● WHAT IS BEING ASKED
Print exactly the lines below between the line containing "Vintage Abstract Expressionist" and the line containing "Nike-Club-Fleece-Crew---Men-s--Green-Abyss---White", counting both of those lines. Leave pictures out.
*** RECORDS SHOWN ***
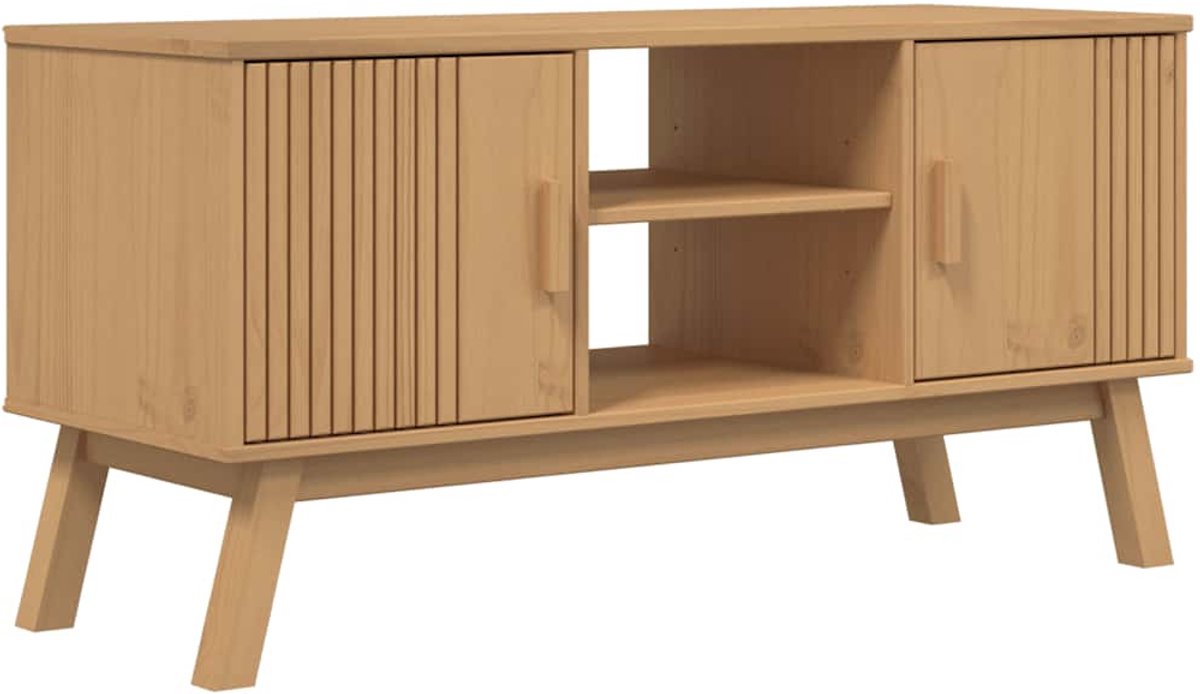 vidaXL - Tv-meubel - OLDEN - 114x43x57 - cm - massief - grenenhout - bruin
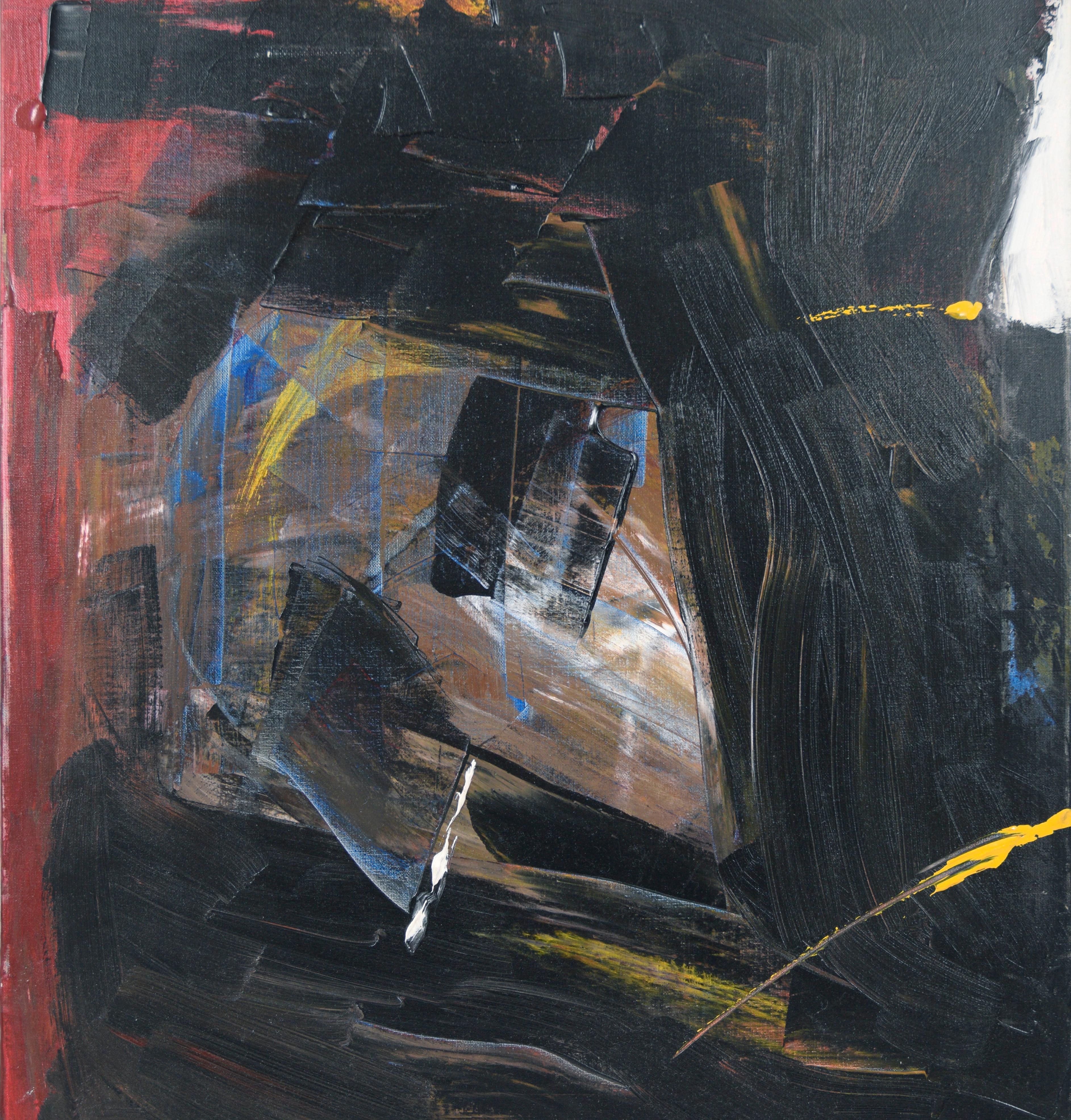 Vintage Abstract Expressionist Painting - Red and Black Strokes on Canvas For Sale 3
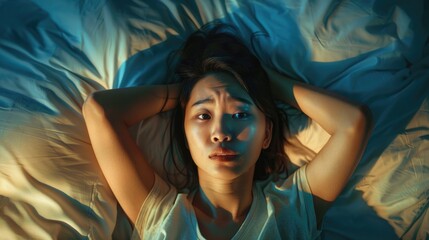 The issue of brain diseases can lead to chronic and severe migraines resulting in a tired Asian woman laying on a bed struggling with mental health issues This scenario embodies the essence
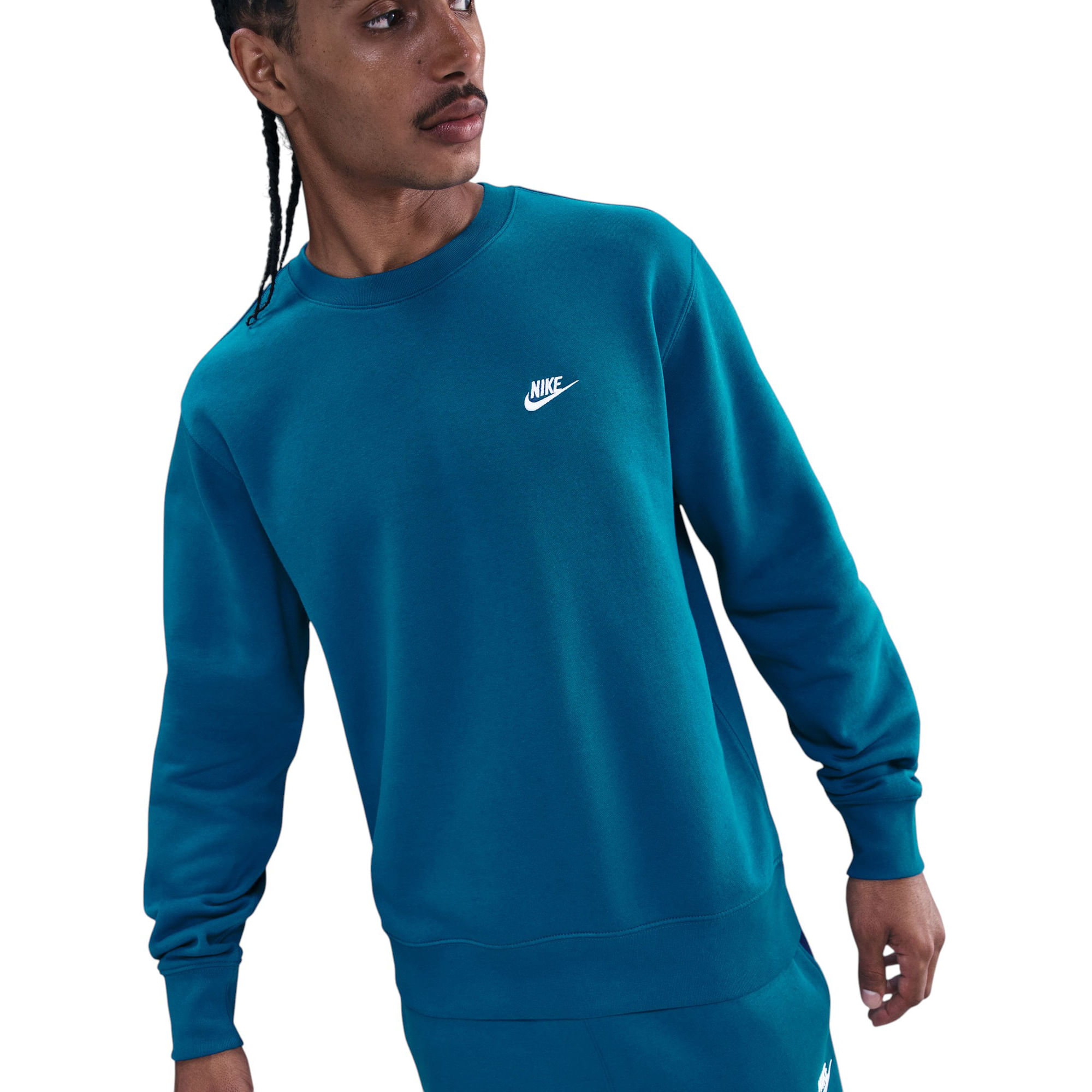 Nike-Club-Fleece-Crew---Men-s--Green-Abyss---White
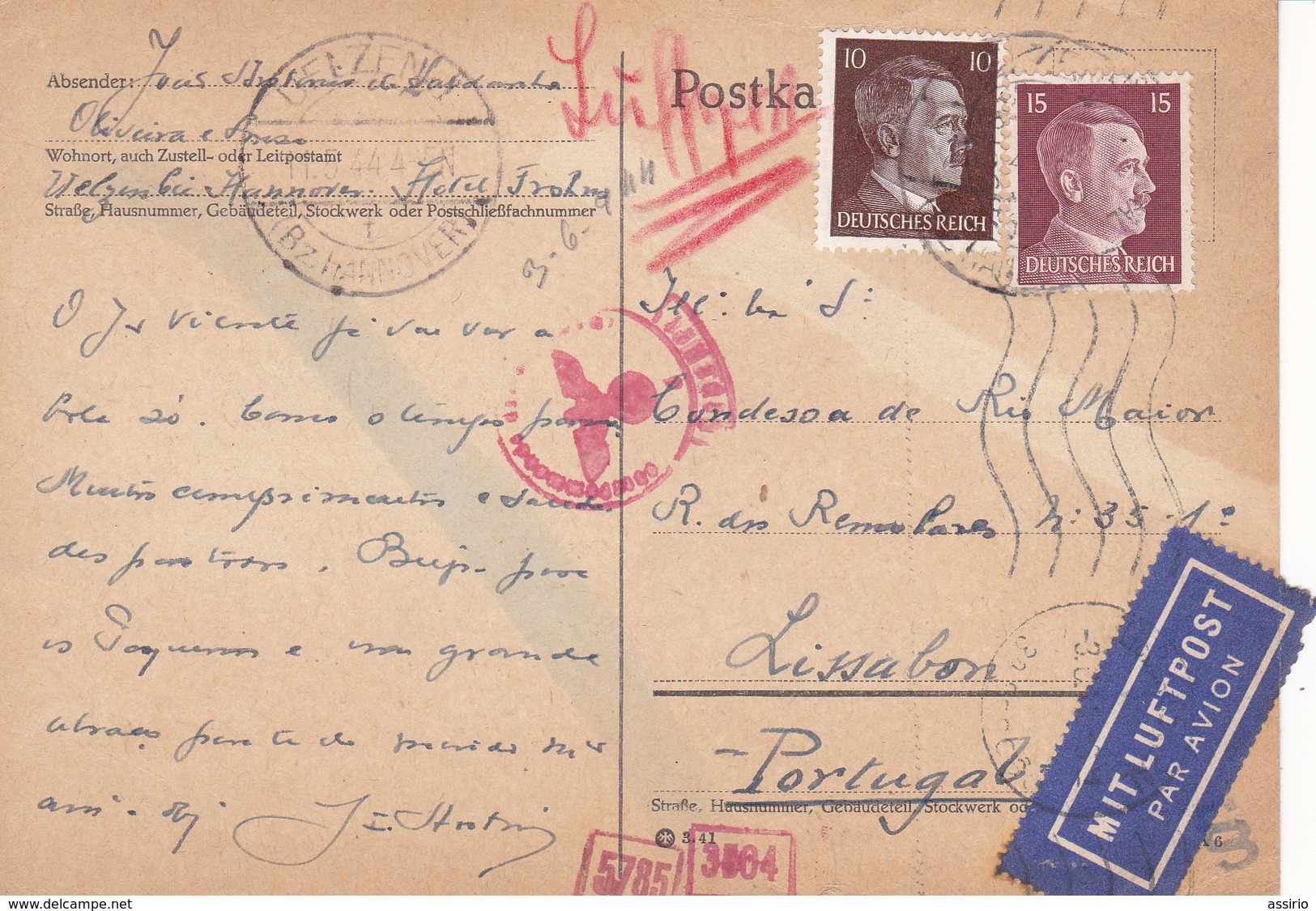 Portugal -Alemania 8 Cartas Circuladas - Autres & Non Classés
*** End of RECORDS SHOWN ***
● OUTPUT
 Vintage Abstract Expressionist Painting - Red and Black Strokes on Canvas For Sale 3
 The issue of brain diseases can lead to chronic and severe migraines resulting in a tired Asian woman laying on a bed struggling with mental health issues This scenario embodies the essence
 Nike-Club-Fleece-Crew---Men-s--Green-Abyss---White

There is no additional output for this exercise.